They did their research and found the information necessary to educate the community. They went from door to door telling people about a simple rehydration mixture of salt, sugar and water, which could and did save lives.”
Within weeks the outbreak had petered out, thanks to this crucial and evidence-based piece of scientific information. “That’s the kind of place I would like to see science occupy in our society.”
The discoveries made by scientific researchers are key to a healthy, prosperous community. “We’ve got to make science a public issue,” says the minister. “Science can help us solve some of the challenges with which we are confronted.” This includes, she says, tough challenges such as poverty, inequality and unemployment.
Because science is a pillar of economic success — countries with a robust and thriving scientific research community, which leads to applied science, are more likely to have active and growing economies.
How do you jumpstart scientific innovation? How do you encourage research?

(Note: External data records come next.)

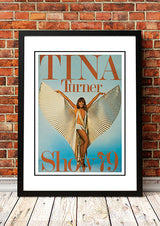 Tina Turner ??ild Lady of Rock??World Tour Poster 1979 - Framed A4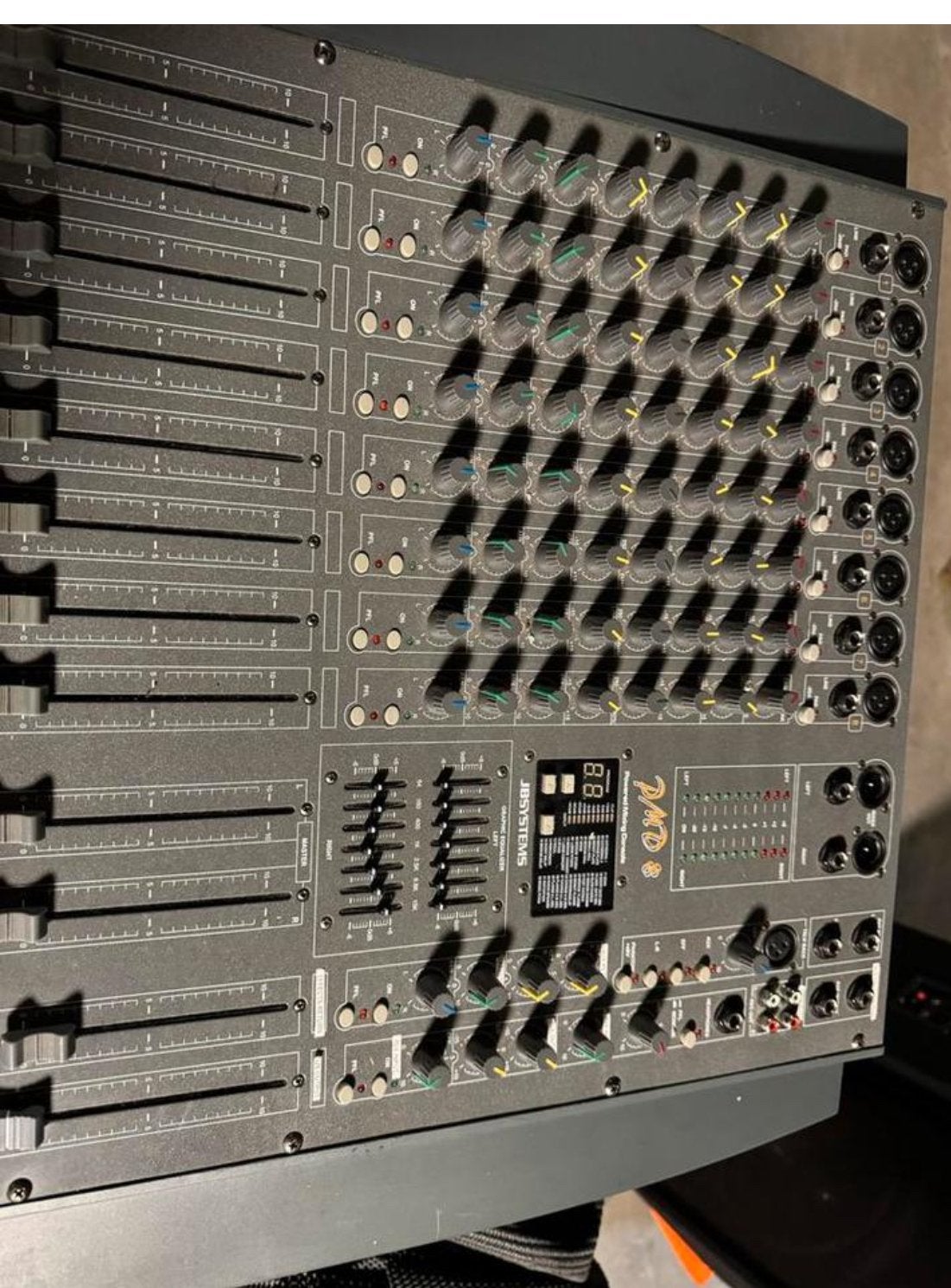 JB Systems P&D 8 Mengpaneel - 20 kanalen, Ophalen, Gebruikt, 20 kanalen of meer, Microfooningang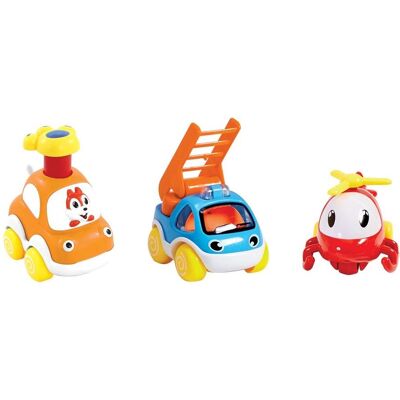 EDUSHAPE sada autíčok push n pull EDUSHAPE sada autíčok push n pull
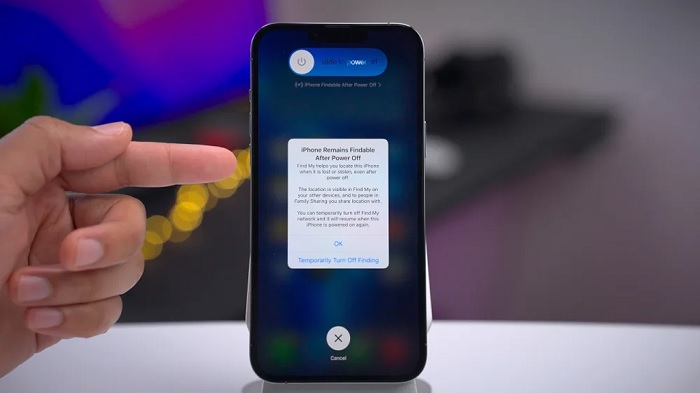 Vô hiệu hóa tính năng tìm iPhone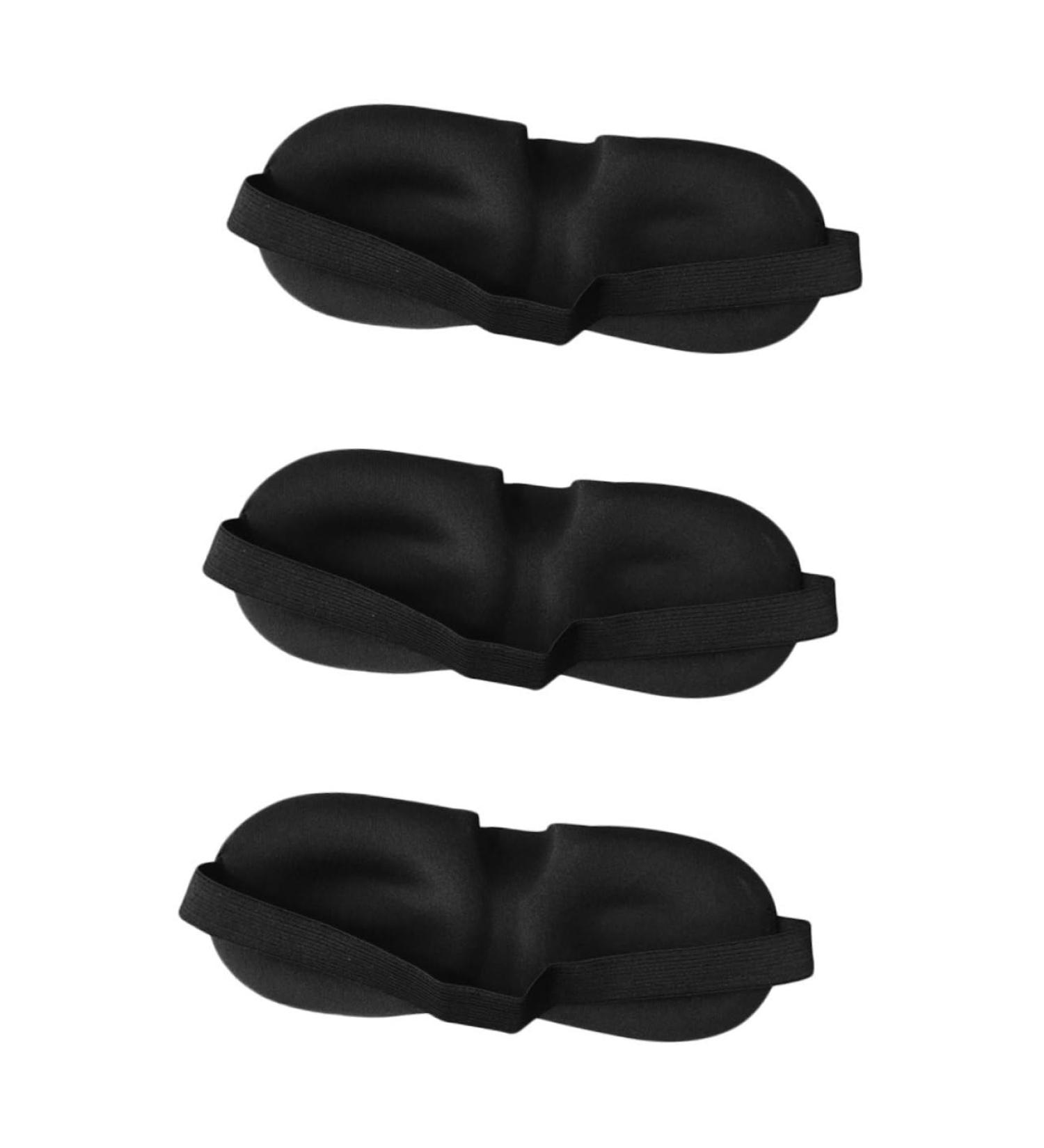 Hemoton 5Pcs 3D Stereo Goggles Supple Eye Masks - Light Blocking Sleep Masks for Travel and Home Use - Buy Online on GoSupps.com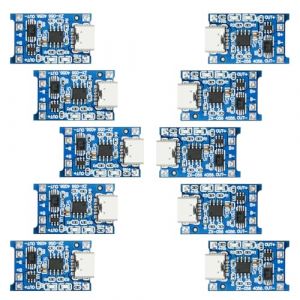 RUIZHI Protection de Batterie au Lithium 18650 TP 5V 1A Contr&ocirc;leur de Charge Lithium Li - ION Module avec Fonctions de Double Protection Carte de Charge pour Batterie Lithium-ION Type-C USB(10 Pi&egrave;ce) (shenzhenshiyaoxingmaoyi, neuf)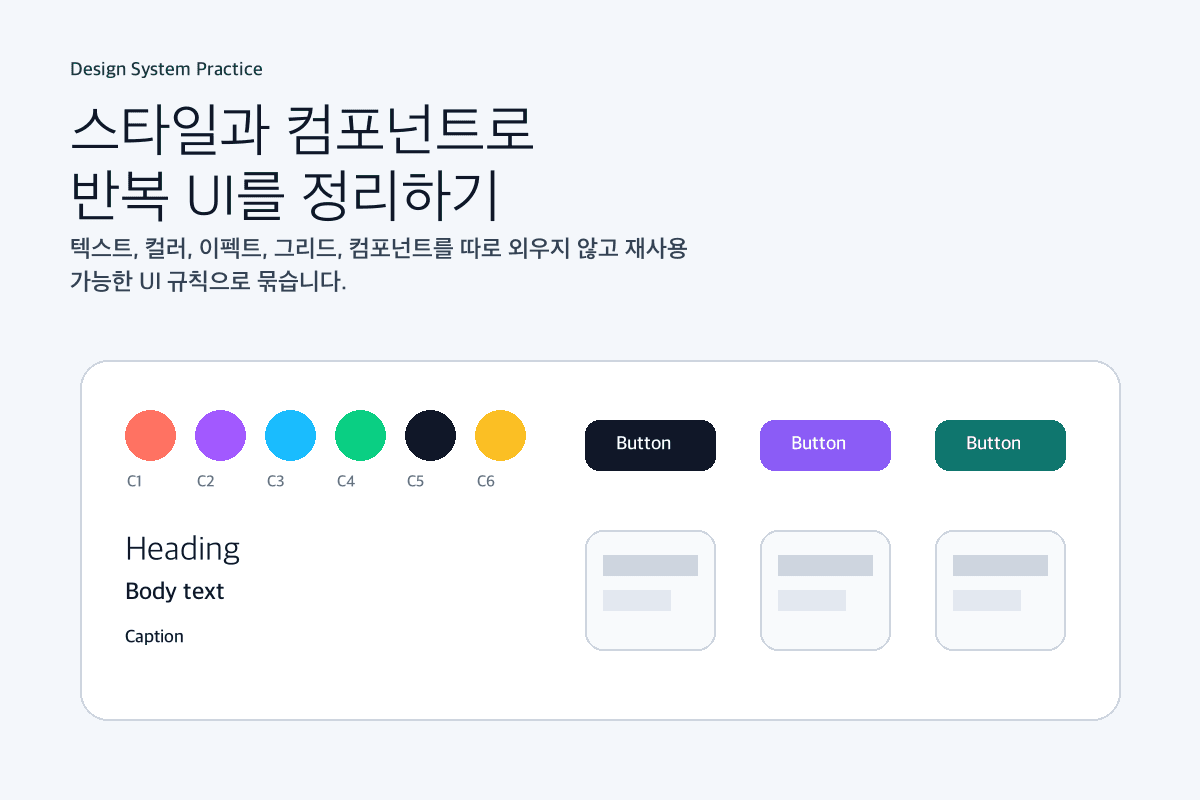 Figma 디자인 시스템과 컴포넌트 구성 이미지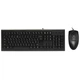 Комплект (клавиатура, мышь) A4Tech KR-8520D Black - изображение 1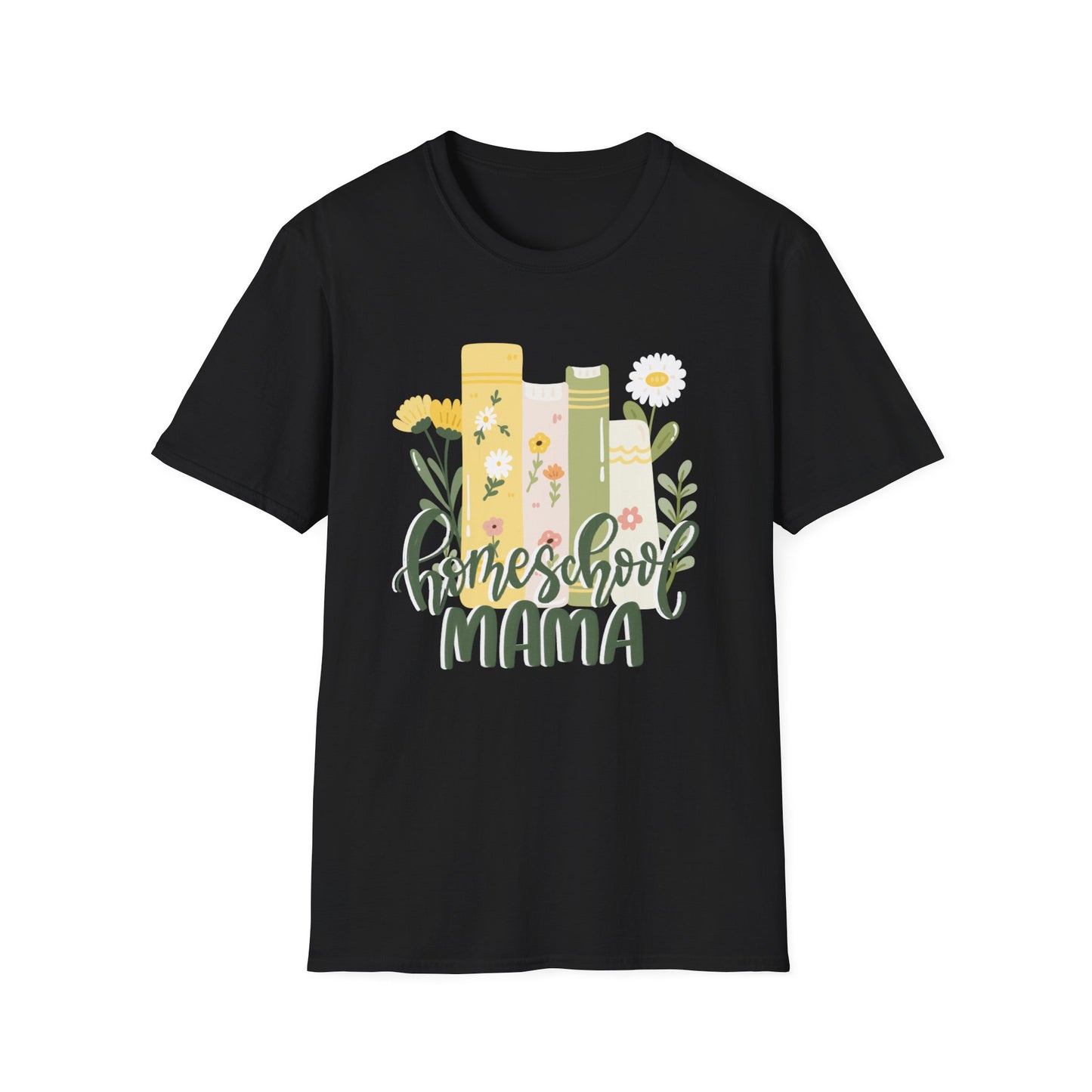 Homeschool Mama Floral Tee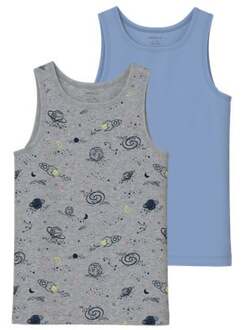 name it winter ondergoed jongens - grijs - 2p top - NkmTank - Maat 158/164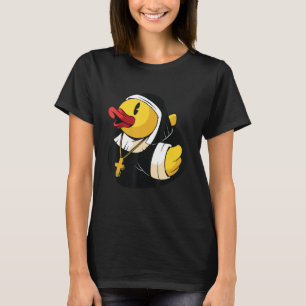 Bathroom Nun kloster Humor Christian Rubber Anka T Shirt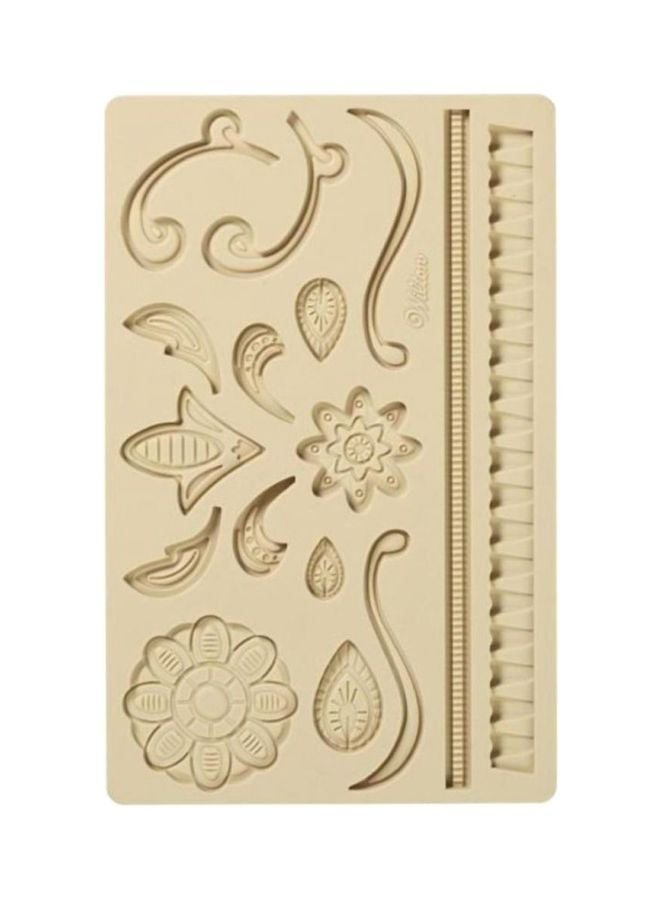 Wilton - Lace Fondant And Gum Paste Mould Beige 12.7x20.32cm - Image 1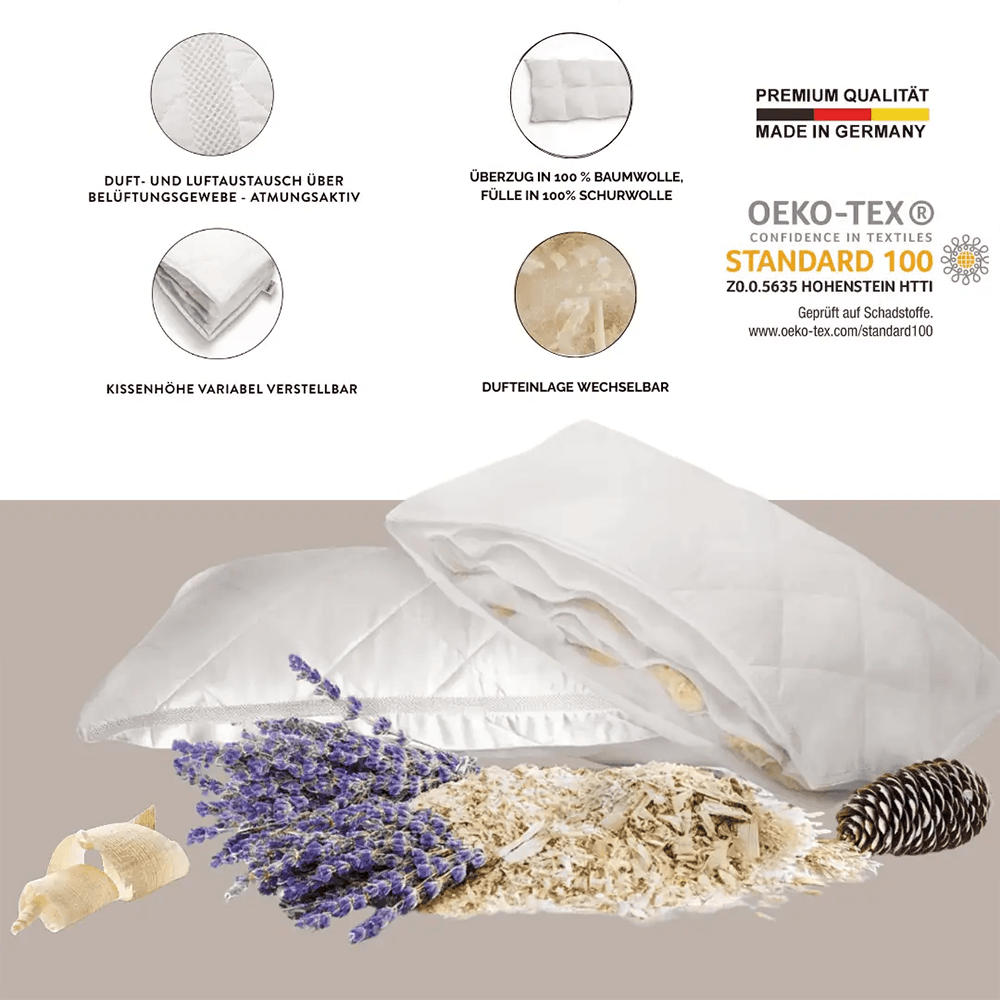 Duftschlafkissen DELUXE mit Zirbe und Lavendel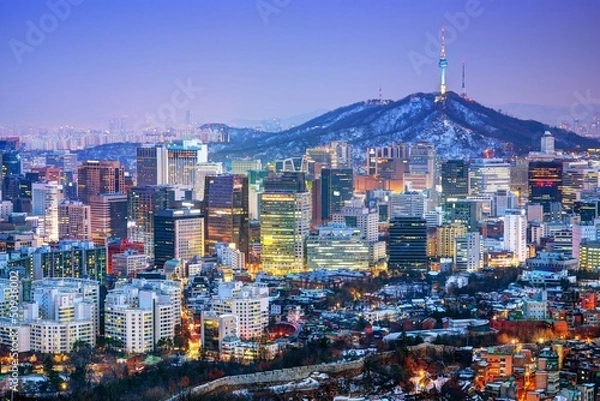 Obraz Miasto Seul w Korei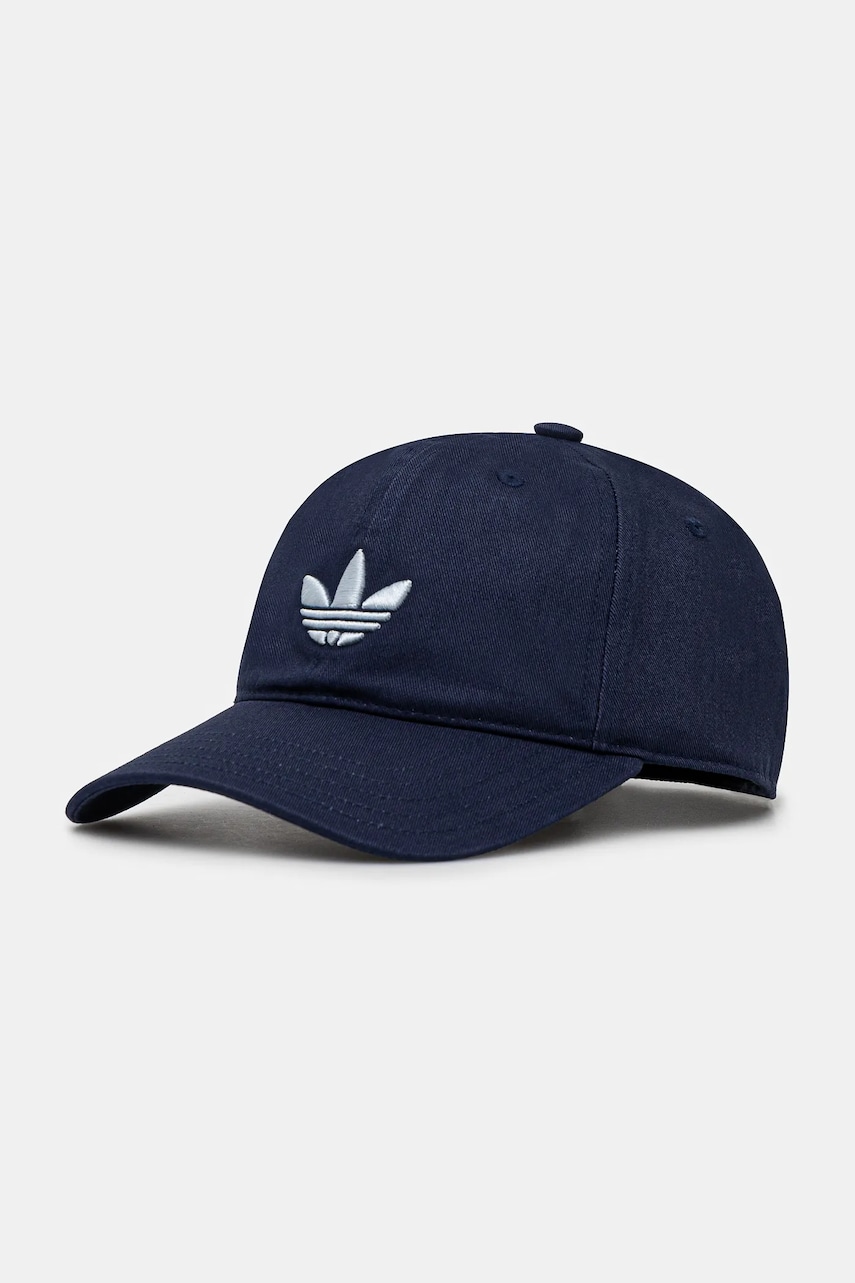 adidas Originals șapcă de baseball din bumbac BASEBALL AC culoarea albastru marin, cu imprimeu, JC6030 adidas Originals șapcă de baseball din bumbac BASEBALL AC culoarea albastru marin, cu imprimeu, JC6030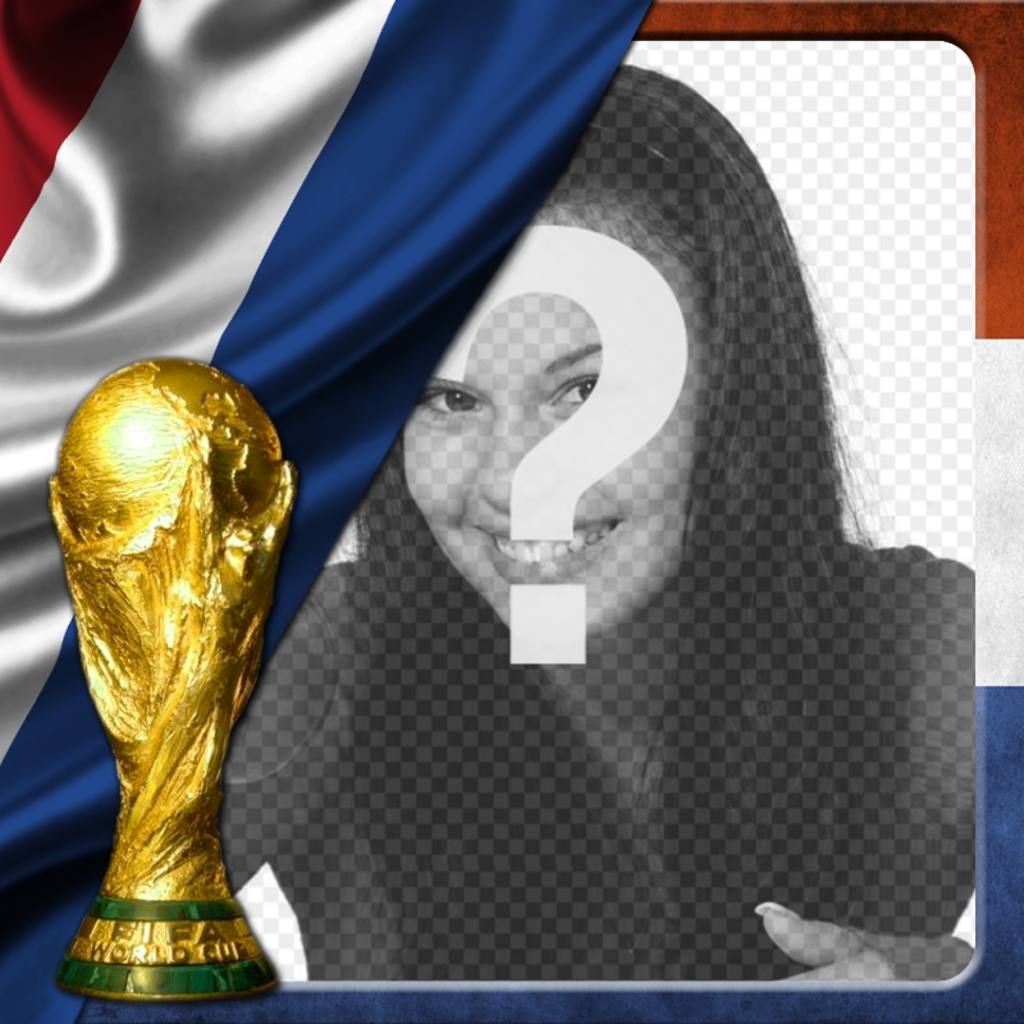 Frame with the flag of Holland to put your photo background. ..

Since 1995, when the National System of Innovation came into being to address our gaps in innovation, South Africa has made enormous strides in advancing science, with the enthusiastic support of the department of science and technology (DST).
One successful measure the DST embarked on in 2004 is the establishment of Centres of Excellence, a model that creates special, multi-disciplinary nodes of science focused on solving specific and targeted challenges.
The country looked around the world for successful ideas to jump-start innovation, draw in, nurture and retain talent and build a powerful scientific resource; they found this one in Canada, says Pandor.
“Canada had a scientific brain-drain, so they developed this model to keep and attract good scientists.” South Africa has taken this model and run with it, establishing a number of Centres of Excellence, each with a goal-orientated focus.
Centres of Excellence are defined by the department as “physical or virtual centres of research that concentrate existing research excellence and capacity and resources to enable researchers to collaborate across disciplines and institutions on long-term projects that are locally relevant and internationally competitive to enhance the pursuit of research excellence and capacity development”.
“We wanted to attract the best minds in the disciplines we were funding,” says the minister.
The disciplines chosen for support reflect the demands of the “Five Grand Challenges” identified by government, which the minister describes as “developing South Africa’s bio-economy, developing space science and technology, providing energy security, responding adequately to global climate change and increasing our ability to anticipate the complex consequences of change due to human and social dynamics”.
These became priority areas for investment in science, she adds, with the choice refined by reference to four criteria: where possible, to use our geographic advantages (the Square Kilometre Array leverages South African skies unpolluted by light, for instance, while solar energy leverages our high number of sunny days), the possible contribution to economic development, the benefit to developing human resources, and whether an initiative builds on what we have achieved since the advent of democracy.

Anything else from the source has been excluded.